We first declare that we’re proving a theorem and we call it absorption_conj. Then comes the statement of the theorem. To obtain $\to,\land,\lor$ in Lean, you can write \to, \and, \or, respectively.

We then apply the tactics:

  • intro introduces an assumption for conditional proof ($\to I$), and we call it hypothesis_p.

  • And.intro is essentially $\land I$. apply And.intro applies the rule to the next two complete proofs.

  • exact hypothesis_p means to precisely apply the hypothesis that $p$, which is the first input for the And.intro.

  • Or.inl is the rule $p\vdash p\lor q$ and Or.inr the rule $q\vdash p\lor q$. Here we apply the rule to the assumption that $p$ hypothesis_p, which gives us what we need, viz. $p\lor q$.
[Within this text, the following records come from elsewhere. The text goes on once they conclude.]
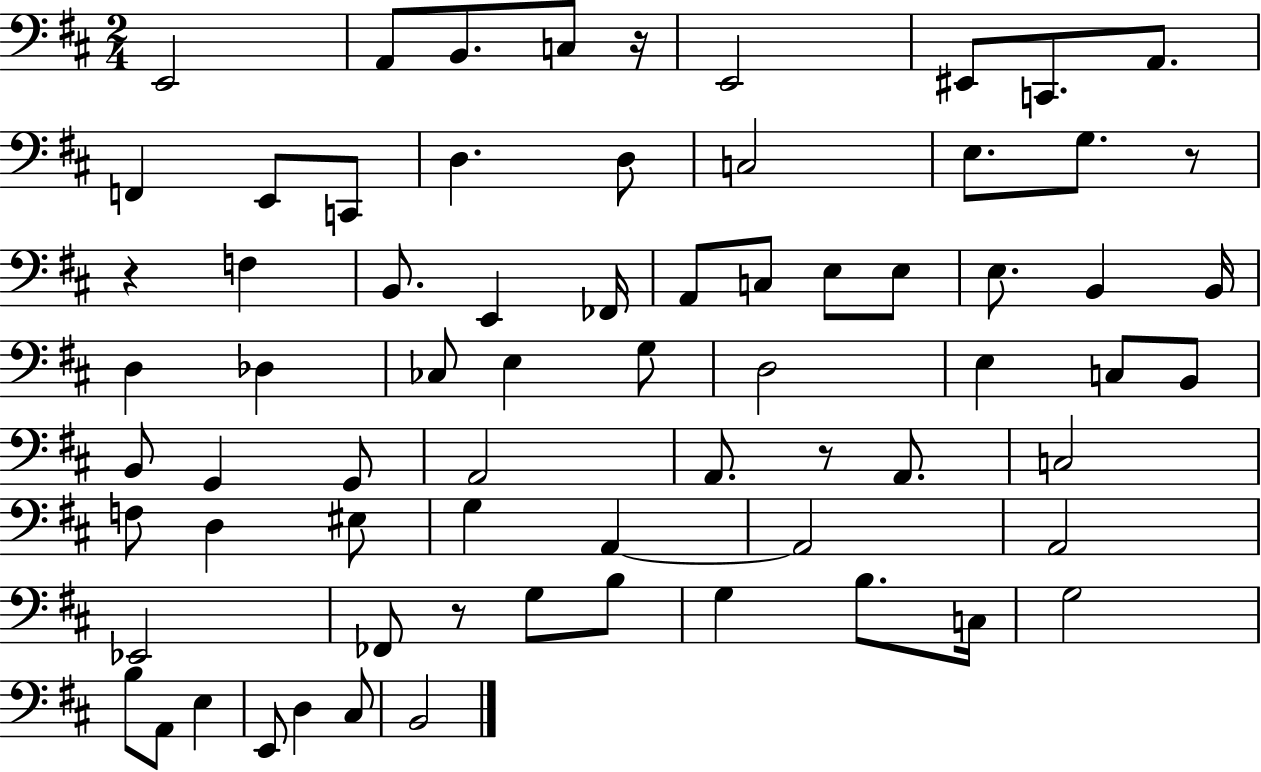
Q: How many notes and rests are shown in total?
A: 70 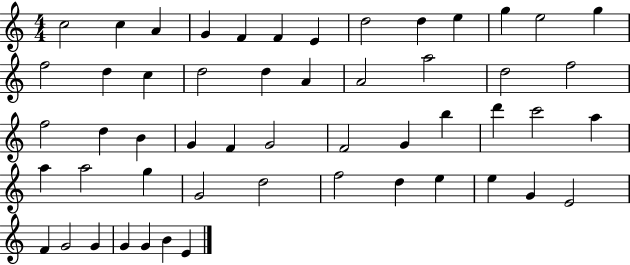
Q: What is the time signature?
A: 4/4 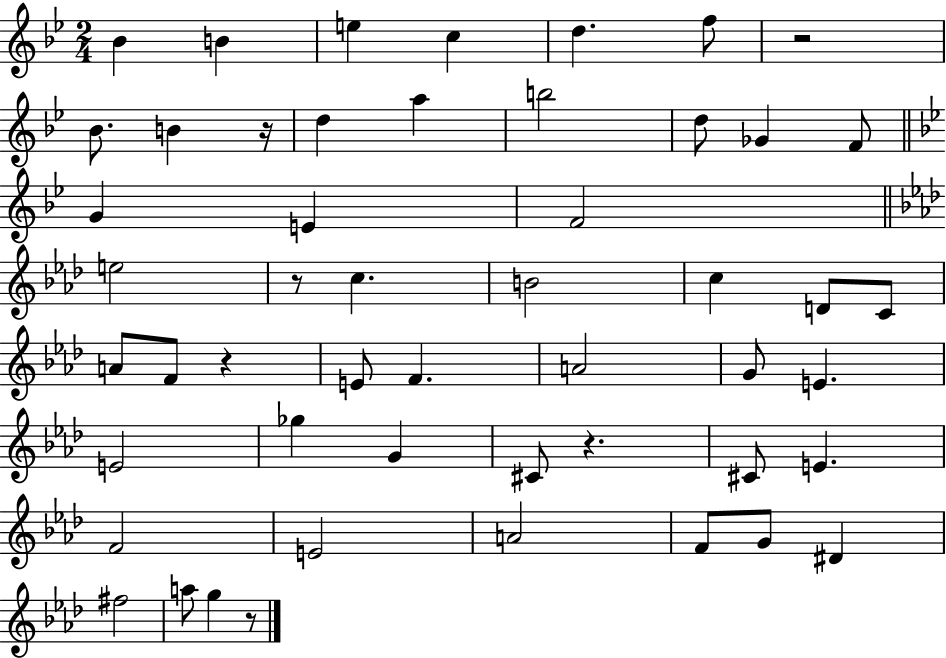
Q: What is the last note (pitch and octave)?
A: G5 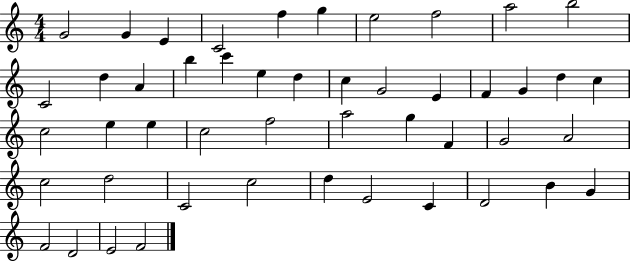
{
  \clef treble
  \numericTimeSignature
  \time 4/4
  \key c \major
  g'2 g'4 e'4 | c'2 f''4 g''4 | e''2 f''2 | a''2 b''2 | \break c'2 d''4 a'4 | b''4 c'''4 e''4 d''4 | c''4 g'2 e'4 | f'4 g'4 d''4 c''4 | \break c''2 e''4 e''4 | c''2 f''2 | a''2 g''4 f'4 | g'2 a'2 | \break c''2 d''2 | c'2 c''2 | d''4 e'2 c'4 | d'2 b'4 g'4 | \break f'2 d'2 | e'2 f'2 | \bar "|."
} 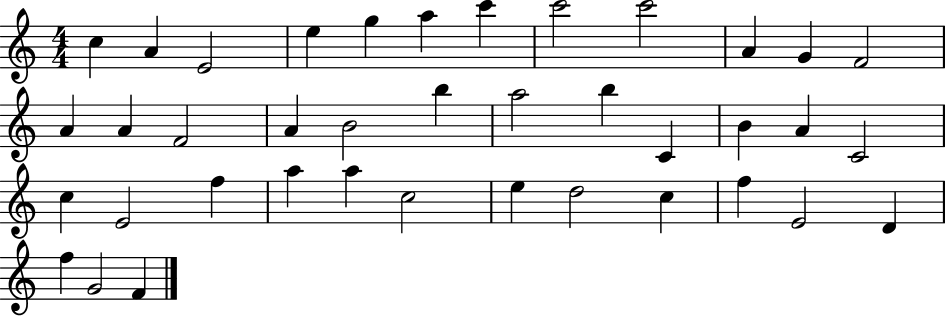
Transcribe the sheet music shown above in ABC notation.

X:1
T:Untitled
M:4/4
L:1/4
K:C
c A E2 e g a c' c'2 c'2 A G F2 A A F2 A B2 b a2 b C B A C2 c E2 f a a c2 e d2 c f E2 D f G2 F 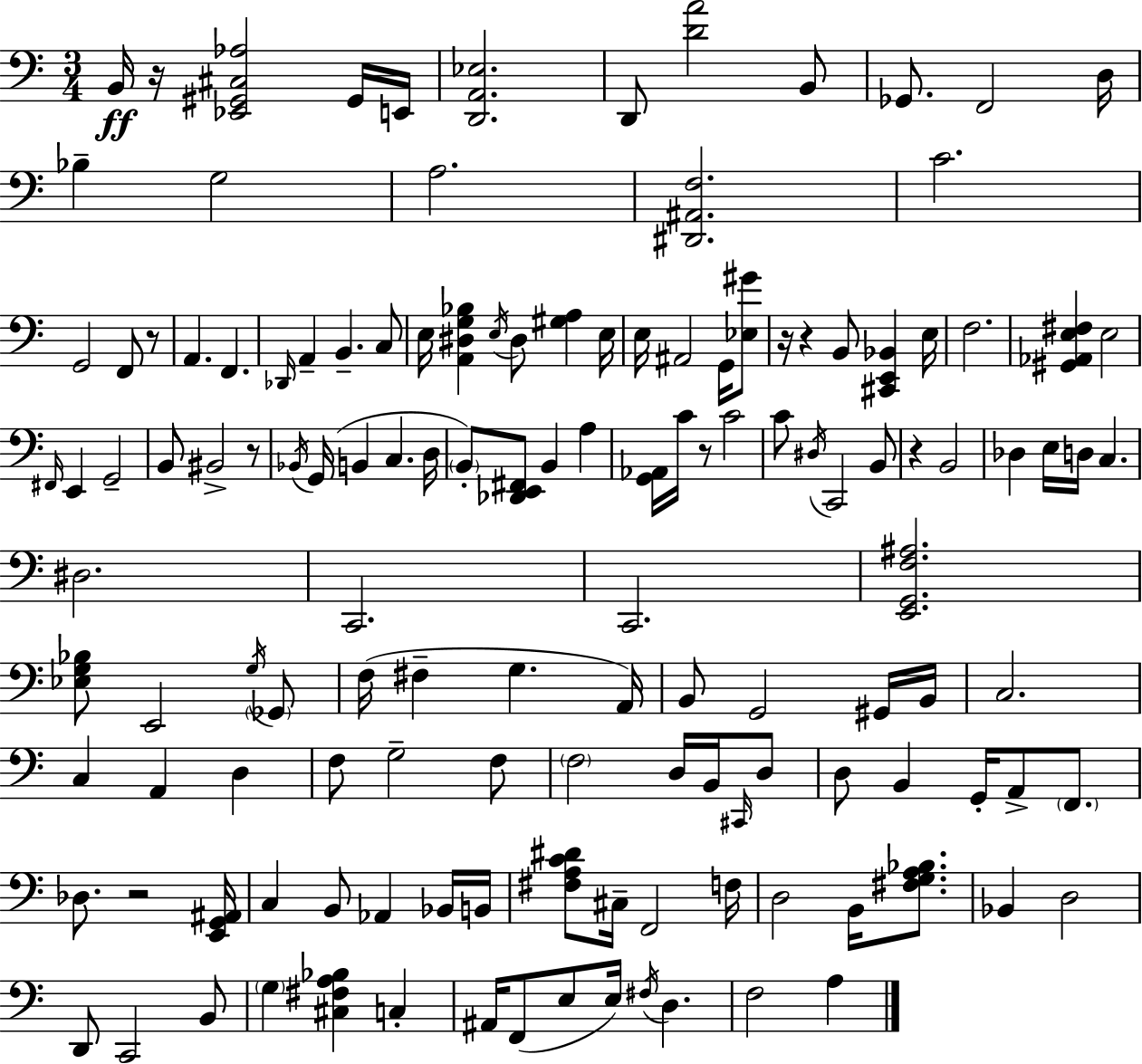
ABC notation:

X:1
T:Untitled
M:3/4
L:1/4
K:Am
B,,/4 z/4 [_E,,^G,,^C,_A,]2 ^G,,/4 E,,/4 [D,,A,,_E,]2 D,,/2 [DA]2 B,,/2 _G,,/2 F,,2 D,/4 _B, G,2 A,2 [^D,,^A,,F,]2 C2 G,,2 F,,/2 z/2 A,, F,, _D,,/4 A,, B,, C,/2 E,/4 [A,,^D,G,_B,] E,/4 ^D,/2 [^G,A,] E,/4 E,/4 ^A,,2 G,,/4 [_E,^G]/2 z/4 z B,,/2 [^C,,E,,_B,,] E,/4 F,2 [^G,,_A,,E,^F,] E,2 ^F,,/4 E,, G,,2 B,,/2 ^B,,2 z/2 _B,,/4 G,,/4 B,, C, D,/4 B,,/2 [_D,,E,,^F,,]/2 B,, A, [G,,_A,,]/4 C/4 z/2 C2 C/2 ^D,/4 C,,2 B,,/2 z B,,2 _D, E,/4 D,/4 C, ^D,2 C,,2 C,,2 [E,,G,,F,^A,]2 [_E,G,_B,]/2 E,,2 G,/4 _G,,/2 F,/4 ^F, G, A,,/4 B,,/2 G,,2 ^G,,/4 B,,/4 C,2 C, A,, D, F,/2 G,2 F,/2 F,2 D,/4 B,,/4 ^C,,/4 D,/2 D,/2 B,, G,,/4 A,,/2 F,,/2 _D,/2 z2 [E,,G,,^A,,]/4 C, B,,/2 _A,, _B,,/4 B,,/4 [^F,A,C^D]/2 ^C,/4 F,,2 F,/4 D,2 B,,/4 [^F,G,A,_B,]/2 _B,, D,2 D,,/2 C,,2 B,,/2 G, [^C,^F,A,_B,] C, ^A,,/4 F,,/2 E,/2 E,/4 ^F,/4 D, F,2 A, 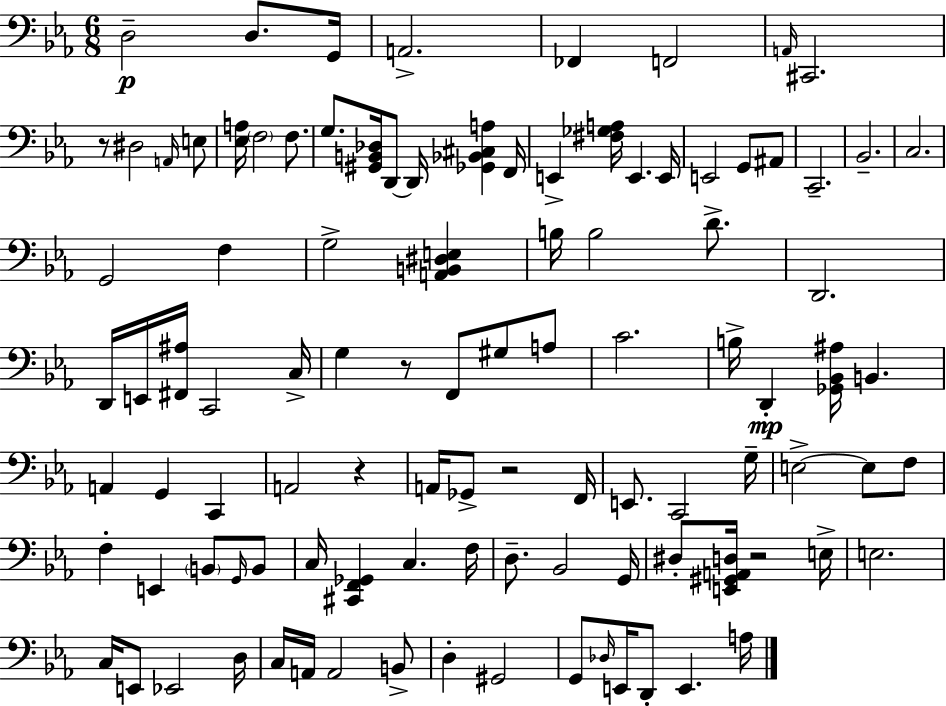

This completes our proof. The result should look something like this in your browser:

No errors means we’re good!

One more example for an important concept:



theorem commutativity_or : (p ∨ q) → (q ∨ p) := by
  intro hypothesis_pORq
  apply Or.elim hypothesis_pORq
  · intro hypothesis_p
    apply Or.inr hypothesis_p
  · intro hypothesis_q
    apply Or.inl hypothesis_q

This is the following natural deduction proof:

The $\bullet$ mark the two sub-proofs for the $\lor E$, where we derive $q\lor p$ from the two assumptions $p$ and $q$. Note that each proof after Or.elim is a conditional proof: we first show that $p\to q\lor p$ and then we show that $q\to q\lor p$. This allows us to infer $q\lor p$ from $p\lor q$. You can write the bullet points in Lean as \..

Let’s see if this is enough. It’s your turn:

The basic tactics are:

  • intro (followed by hypothesis name)
  • And.intro (followed by two proofs for the conjuncts)
  • And.left (infers the left conjunct from the conjunction)
  • And.right (infers the right conjunct from the conjunction)
  • Or.inl (infers the disjunction from the left disjunct)
  • Or.inr (infers the disjunction from the right disjunct)
  • Or.elim (disjunction elimination is followed by two conditional proofs, one for each disjunct)
a)

Translate the following LEAN proof into natural deduction:



theorem some_law : (p ∧ q) → (p ∨ q) := by
  intro h
  apply Or.inl
  exact And.left h

b)

Which tactics should be used where I wrote ????



example (p q r : Prop) : p ∧ (q ∨ r) → (p ∧ q) ∨ (p ∧ r) := by
  ??? h
  apply Or.elim (And.right h)
  . intro hq
    apply Or.inl
    apply And.intro
    . exact ??? h
    . exact hq
  . intro hr
    apply Or.inr
    apply ??? 
    . exact And.left h
    . exact hr

c)

Give a Lean proof for $\vdash p\lor (p\land q)\to p$ (absorption_disj).

Solution

a) translating into natural deduction (you get the idea)

$p\land q$
$p$
$p\lor q$

b) finishing the proof



example (p q r : Prop) : p ∧ (q ∨ r) → (p ∧ q) ∨ (p ∧ r) := by
intro h
apply Or.elim (And.right h)
. intro hq
  apply Or.inl
  apply And.intro
  . exact And.left h
  . exact hq
. intro hr
  apply Or.inr
  apply And.intro
  . exact And.left h
  . exact hr

c) constructing a lean proof



variable {p : Prop}
variable {q : Prop}
variable {r : Prop}

theorem absorption_disj : (p ∨ (p ∧ q)) → p := by
  intro hyp_disj
  apply Or.elim hyp_disj
  · intro hyp_p
    exact hyp_p
  · intro hyp_pnq
    apply And.left hyp_pnq

Research

Are the basic tactics enough to prove classical laws, like $\vdash p\lor \neg p$?

Discussion

Recent LLM-technologies, like ChatGTP o1-preview, have impressive reasoning capabilities. So, these LLMs can directly produce mathematical proofs. Does this show that neural theorem proving using tools like Lean is unnecessary?